この記事を読み終える頃には、あなたも自分だけのキャンバスイラストを自信を持って描けるようになっているはずです。
それでは、よろしくお願いします。
「アクリル絵の具×キャンバス」で本格派イラストが描ける理由
アクリル絵の具とキャンバスの組み合わせは、イラストを本格的に見せる最強のペアです。
紙に描くのとは一味違う、重厚感のある作品を誰でも手軽に作ることができます。
- アクリル絵の具の発色と耐久性などの具体的なメリット
- キャンバスに描くことのメリット
- アクリル絵の具とキャンバスの相性の良さ
アクリル絵の具:発色の良さと耐久性がプロ級の仕上がりを生む
アクリル絵の具の特徴がキャンバスに描くイラストの魅力を最大限に引き出します。
アクリル絵の具の発色の良さ
アクリル絵の具は、乾燥すると非常に鮮やかで力強い発色を維持します。
アクリル絵の具の耐久性
また、一度乾くと耐水性になり、数十年経っても色あせにくいという耐久性もプロに愛される理由です。
アクリル絵の具には失敗がない
アクリル絵の具の最大のメリットは、何度でも「やり直し」ができる点にあります。
完全に乾いた後であれば、上から別の色を重ねて完全に下の色を隠すことが可能です。

こんなことができるのもアクリル絵の具ならではのメリットですね。
キャンバス:アクリル絵の具を支える強さと存在感
キャンバスであれば、アクリル絵の具を繰り返し塗りなおしても画用紙のように波打つことがないので、思う存分描きこむことができます。
キャンバスの凹凸(目)が絵の具をしっかり保持するため、アクリル絵の具の色が沈まずに美しく仕上がるのも特徴です。
また、キャンバスはデジタルや紙にはない「三次元の物体感」があります。
キャンバスの大きな特徴である「厚み」により、強さと存在感を兼ね備えているのです。
「アクリル絵の具×キャンバス」でイラストを描ける力は無限大∞
発色と耐久性に優れたアクリル絵の具、それをしっかりと保持してくれるキャンバス。その2つがあれば、イラスト制作がもっと楽しくなります。

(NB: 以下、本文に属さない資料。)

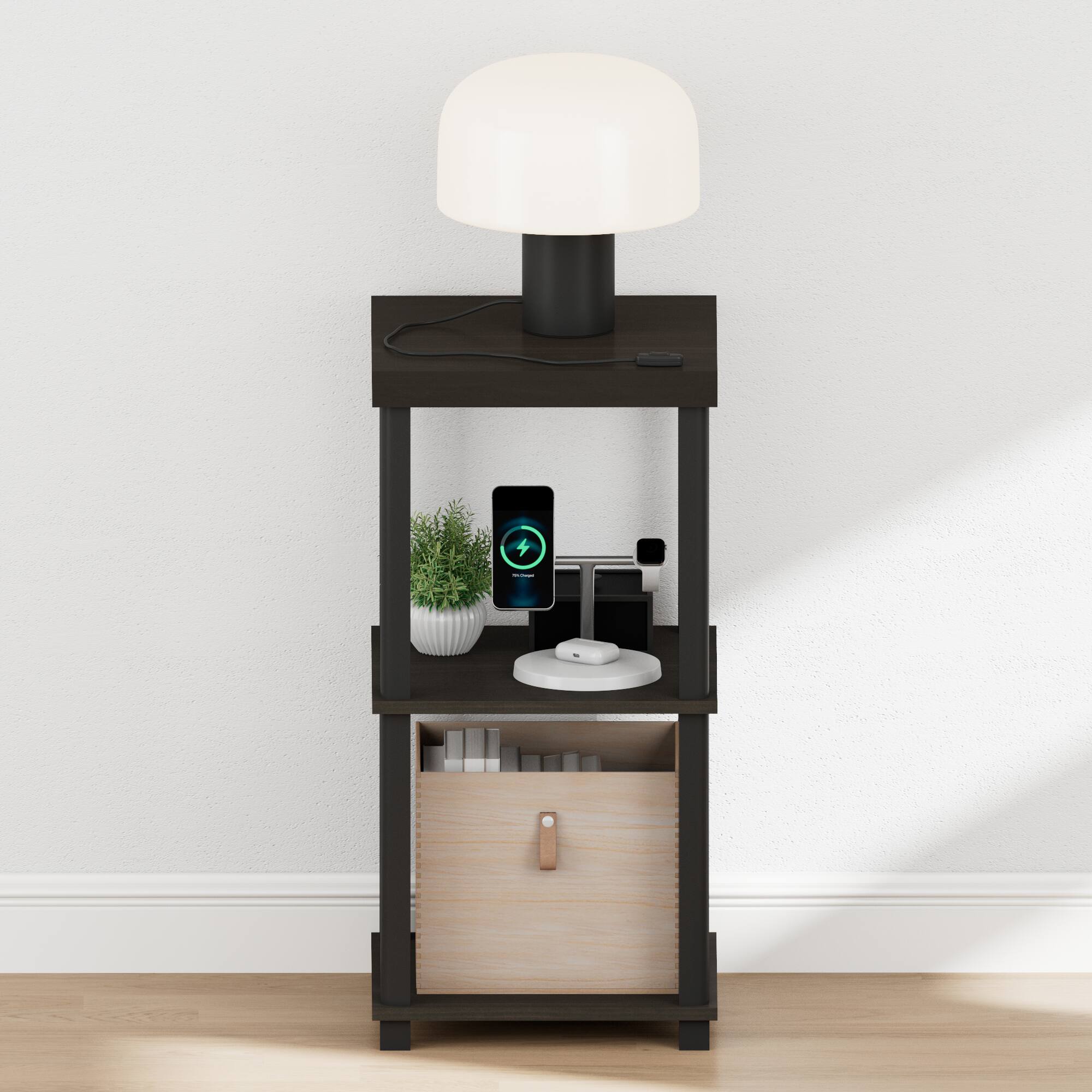 Alt View 4. Furinno - TURN-N-TUBE Night Stand, 3-Tier Thick Tabletop Nightstand with Open Shelf, Toolless Assembly Side Table, Bedside Table - Espresso/Black.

アクリル絵の具の良さを引き出すためには、画用紙よりもキャンバスが断然おススメです。
初心者さんも迷わない!イラスト用キャンバスと必須アイテム選び
アクリル絵の具でイラストを描くためには、自分に合った道具選びが欠かせません。
まずは最低限必要なものを揃えて、スムーズに制作を開始しましょう。
キャンバスの種類(綿・麻)とサイズ選びの基準
■↑いろいろなキャンバス・キャンバスボードを並べてみました。
キャンバスには大きく分けて、本格的な「麻(リネン)」と安価な「綿(コットン)」があります。
初心者のイラスト練習用であれば、まずは手頃な価格の綿キャンバスや、綿と化繊の混合がおススメです。
サイズは、机の上でも描きやすい「SM」や「F4」などの小さなサイズから始めると、挫折しにくく達成感も得やすいでしょう。
スクエアタイプの「SSM」なども人気がありますね。
●↓今回使用したキャンバス。
必須アイテム!アクリル絵の具・筆・パレットの三種の神器
■↑愛用しているアクリル絵の具、筆、パレットです。
絵の具は、まずは基本の12色セットがあれば十分な表現が可能です。
初めて購入するときは、リキテックス、ターレンス、ホルベインなどの有名メーカーの基本のセットが使いやすいかと思います。
筆は、ナイロン筆で、広い面を塗る平筆と、細部を描く丸筆の数本を用意しましょう。
パレットは使い捨ての「ペーパーパレット」を使うと、片付けの手間が省けて制作に集中できます。
●↓アクリル絵の具(リキテックス・レギュラータイプ12色セット)
●↓アクリル絵の具(ターレンスアムステルダム12色セット)
●↓アクリル絵の具(ホルベイン・アクリリックカラー12色セット)
●↓筆(インターロン)
●↓ペーパーパレット(ホルベイン・ペーパーパレット)

筆はインターロンとキャムロンプロを愛用。
パレットはペーパーパレットか、牛乳パックを開いたものも使っています。
●↓アクリル絵の具(リキテックスプライム)
●↓リキテックスマーカー6色セット
100均のアクリル絵の具やキャンバスでもイラストは描ける?
■↑100均のアクリル絵の具と画材
これから初めてキャンバスにイラストを描きたいという方や、
なるべく初期費用をおさえて一度描いてみたいという方は、
100均の画材から始めるのもおおいにアリだと思います。
ただ、筆だけは当たりはずれがあるので、高額なメーカー品でなくてもいいので、ある程度のものを買った方が描きやすいです。
文房具店で売っているものでも構いません。
そして、描いているうちに、もっとこだわりたくなってきたら、メーカー品を導入してみたらいいかなと思います。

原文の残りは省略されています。